Call for ideas: Why the humanities and sciences protect our values

As you all know, the sciences and humanities are targeted on many levels. We’ve all seen budget cuts happening, for more or less comprehensible reasons. By now we’re used to that, and the more cynical sides of our souls will quickly admit that at least many of the humanities are not much of an asset to the average tax payer. So far, this made for nasty ways of playing off the sciences and humanities against one another. But now the sciences are explicitly targeted, too, for example by people doubting climate sciences or the standards of vaccination. Over the last two weeks, I got a ‘live’ glimpse of the way in which right-wing politicians mobilise people against universities. Of course, we have seen this happening everywhere: prominently in the US and in Hungary for instance. Nevertheless, being exposed to the tactics in my academic home country, the Netherlands, made me realise just how powerful the narratives against us are. This phenomenon is not going to go away by itself. Thus, I think we – people working in the sciences and especially in the humanities – need a positive narrative about why academic work matters and a more concerted way of communicating this. By now, I’ve seen a number of petitions and open letters going … nowhere. Part of the problem is that we’re not only targeted from the outside, but also, mostly inadvertently, internally. In the light of the current threats and the way that universities are structured, the common ways of defending ourselves do not work. Therefore, I would like to launch this call for ideas.

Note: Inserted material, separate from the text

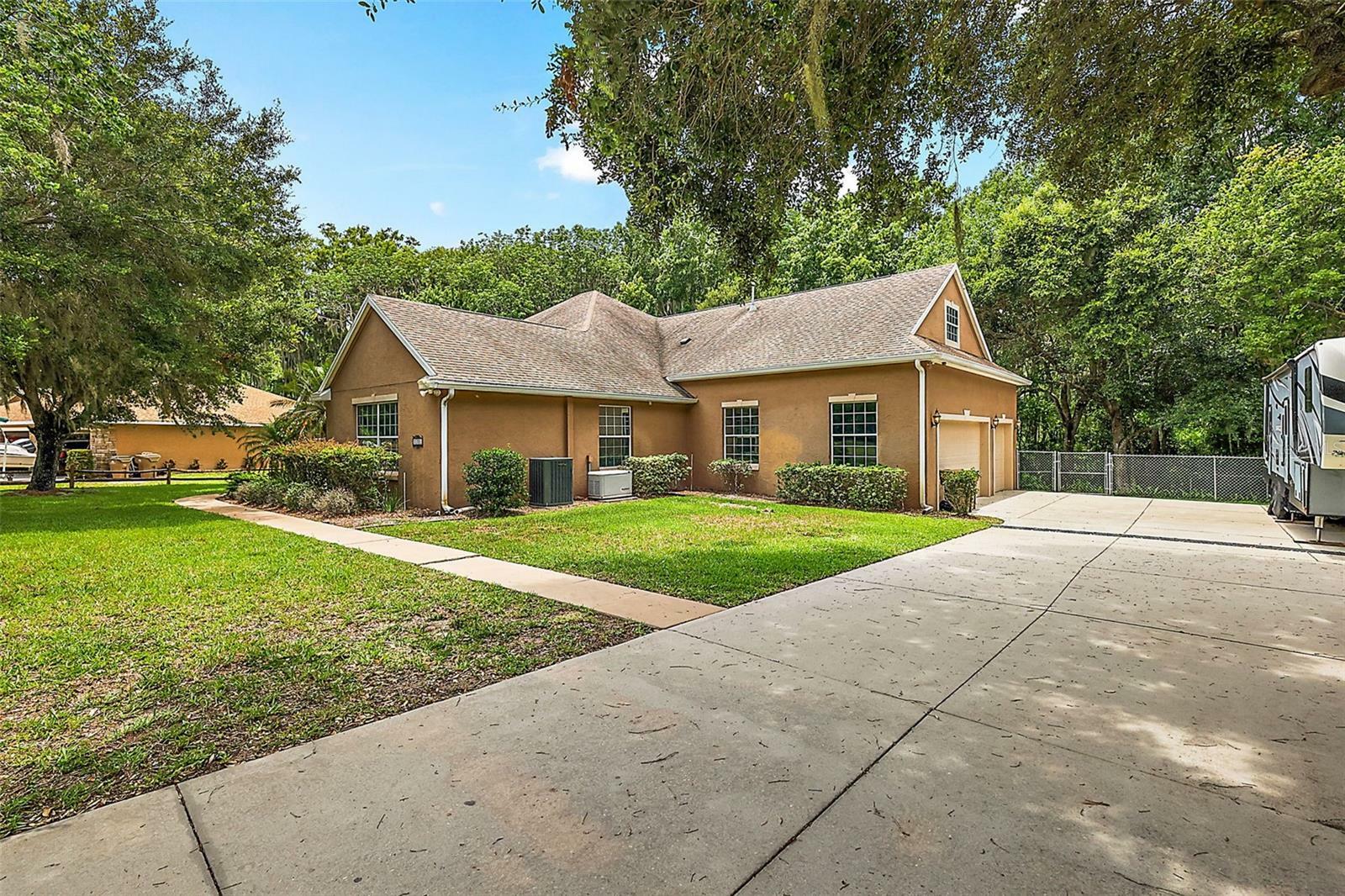 Property Photo:  30321 Redtree Drive  FL 34748 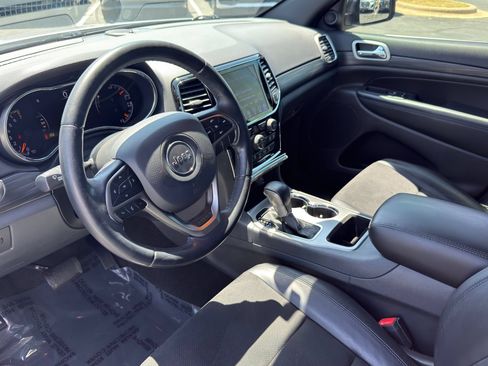 Used 2020 Jeep Grand Cherokee Laredo w/ Laredo X Package RWD image 12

Yes, it’s really bad. – We all know that academia is under threat in many ways. Up till recently, that is, perhaps up till ten years ago (perhaps shortly after the financial crisis), these threats have been generally justified with economic arguments: We need to shut down philosophy, languages and cultural studies because otherwise we can’t finance cancer research and the military – or some such line of reasoning that would convince at least some of us. But now the tune has changed. The narrative that I encountered in the Netherlands and elsewhere is running under the heading of cultural marxism (in the sense of a conspiracy theory): Whether you know it or not, if you are working in education or at a university you are willy-nilly part of a left-wing conspiracy that counters free speech and all sorts of other values. This accusation is of course nonsense. But the problem is that it is widely held and believed. Given that Mr Trump has already approved a policy targeting what are thought to be enemies of free speech, it won’t be long until we will see this in action as a more general means to “evaluate” studies and departments. These are the beginnings of a fairly new concerted set of actions against standards in (higher) education. But the new line of argument against academia is not that we’re just useless; it’s that we are inherently bad.

What might stop us. – In many alt-right narratives, universities are portrayed as bulwarks of leftist indoctrination. So far the the response has been defensive: “Science has no agenda” etc. But instead of defending ourselves against outrageous claims, we need a comprehensible narrative of how academia contributes to the protection of democratic values, and we need ways of implementing this narrative. As it stands, the academic communities are defenceless against such doubts for three reasons: firstly, we represent a form of institutionalised doubting, as it were, and will respond with more doubting rather than reassurance; secondly, we are very bad at collective action and solidarity because we are incentivised to compete against one another wherever possible. Therefore, the principles of our work and the structure of our career paths make it very hard to respond even to common threats. A third reason might be that the narratives against academia have already gained too much power: The current way of playing off academics as right-wing versus left-wing or free-speech versus de-platformers, for instance, has gained so much force that even some of your colleagues might go along with it and see you (or you them) as a mere instance of left or right-wing activism. Academics are of course not immune to the effects of ideologies.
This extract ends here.